What did @tojiexperience actually say?
The creator's core argument is that if you're overweight, depressed, and can't function, the benefits of starting TRT may outweigh the risks, even though high body fat amplifies side effects. He said he had "cognitive issues," "brain fog," and "zero motivation" before starting, and credits TRT with giving him the drive to improve his diet and exercise habits. He also gave a specific piece of advice: get bloodwork before you start, then recheck at six weeks to monitor estradiol, prolactin, hematocrit, and organ markers. He was notably honest that "your estrogen is gonna go up, your blood pressure might go up," and that supplements can help manage those effects. He also told viewers with more time and lower stakes to lose fat first before starting TRT. That's a more nuanced take than most TRT TikToks, and it's worth acknowledging before picking it apart.
Does the science back this up?
The aromatization concern is real and well-documented. The advice to try lifestyle changes first if you're functional is also grounded in evidence. But calling TRT "the best antidepressant out there" is a significant overreach that the research does not support at that level of certainty.
Adipose tissue contains aromatase, the enzyme that converts testosterone to estradiol. Higher body fat means more aromatase activity, so men with obesity starting TRT do experience greater estrogen elevation. This is documented in clinical endocrinology literature and is not controversial (Schneider et al., 2019, Journal of Clinical Endocrinology and Metabolism). The hematocrit risk is also real. TRT consistently raises red blood cell mass, and baseline cardiovascular risk in obese men compounds this (Golds et al., 2017, Endocrine Reviews).
On the depression claim, a 2023 randomized controlled trial published in NEJM (Lincoff et al.) showed testosterone treatment improved sexual function and some energy measures, but it was not a depression treatment trial. The evidence for TRT as a primary antidepressant is weak outside of men with confirmed hypogonadism, and even then the effect sizes are modest compared to established treatments (Amanatkar et al., 2014, Current Psychiatry Reports).
What did they get wrong (or right)?
He got the physiology broadly right and the lifestyle-first recommendation right. The "best antidepressant" framing is where things go sideways.

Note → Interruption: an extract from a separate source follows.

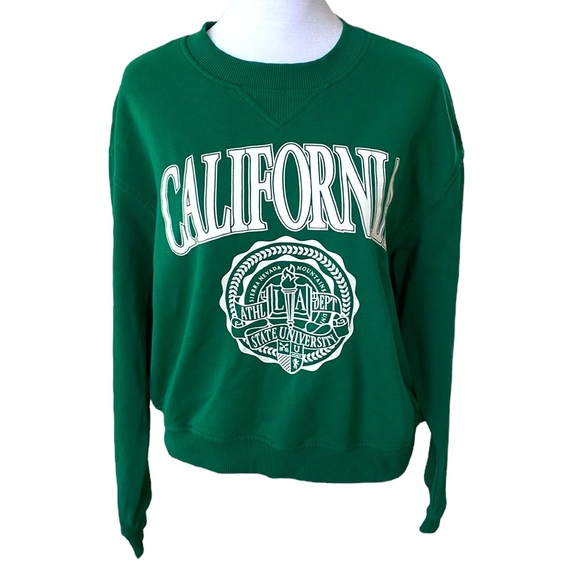 H&M Tops - H&M Emerald Green White Graphic Cropped Crewneck Sweatshirt Size Medium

Credit where it's due: he correctly identified that aromatization increases with body fat, that prolactin and hematocrit can rise, and that monitoring bloodwork is non-negotiable. The recommendation to get labs before starting and six weeks in is consistent with clinical guidelines from the American Urological Association. He also correctly said that if you're "still functional" and have time, lose the fat first. That is the clinically supported path.
Where he went wrong: "the best antidepressant out there" is not a supportable claim. TRT is not approved as an antidepressant, and recommending it as such to a general TikTok audience, many of whom may have clinical depression requiring proper psychiatric care, is irresponsible framing. His personal experience is valid. Generalizing it as a primary treatment for depression is not. He also suggested taking "supplements to combat side effects" without naming them, which could lead viewers toward unmonitored self-management of serious hormonal changes.
What should you actually know?
If you're overweight and have low testosterone symptoms, the clinical guidance is clear: lifestyle changes first, TRT only if testosterone remains genuinely low after that, and always under physician supervision.
A 2016 study in European Journal of Endocrinology (Corona et al.) found that weight loss alone can significantly raise testosterone in obese men, sometimes into normal ranges. That means some men who think they need TRT actually need a caloric deficit. This does not mean TRT is wrong for everyone with high body fat, but it means you should rule out reversible causes before committing to a long-term hormonal intervention with real cardiovascular implications.
The six-week bloodwork check he recommends is reasonable but should include more than he listed. Standard monitoring includes total and free testosterone, estradiol, hematocrit, PSA, lipid panel, and blood pressure. Prolactin monitoring is less standard but not unreasonable depending on baseline. And "supplements to combat side effects" is not a substitute for physician-managed dose adjustments. If your estradiol is spiking, that is a conversation with your prescriber, not a supplement stack problem.
- TRT is FDA-approved for confirmed hypogonadism, not for general fatigue or low motivation in men with normal testosterone.
- If you have symptoms, get your testosterone tested first. Symptoms alone are not sufficient to diagnose hypogonadism.
- Hematocrit above 54% is a recognized threshold for dose reduction or treatment pause in clinical guidelines.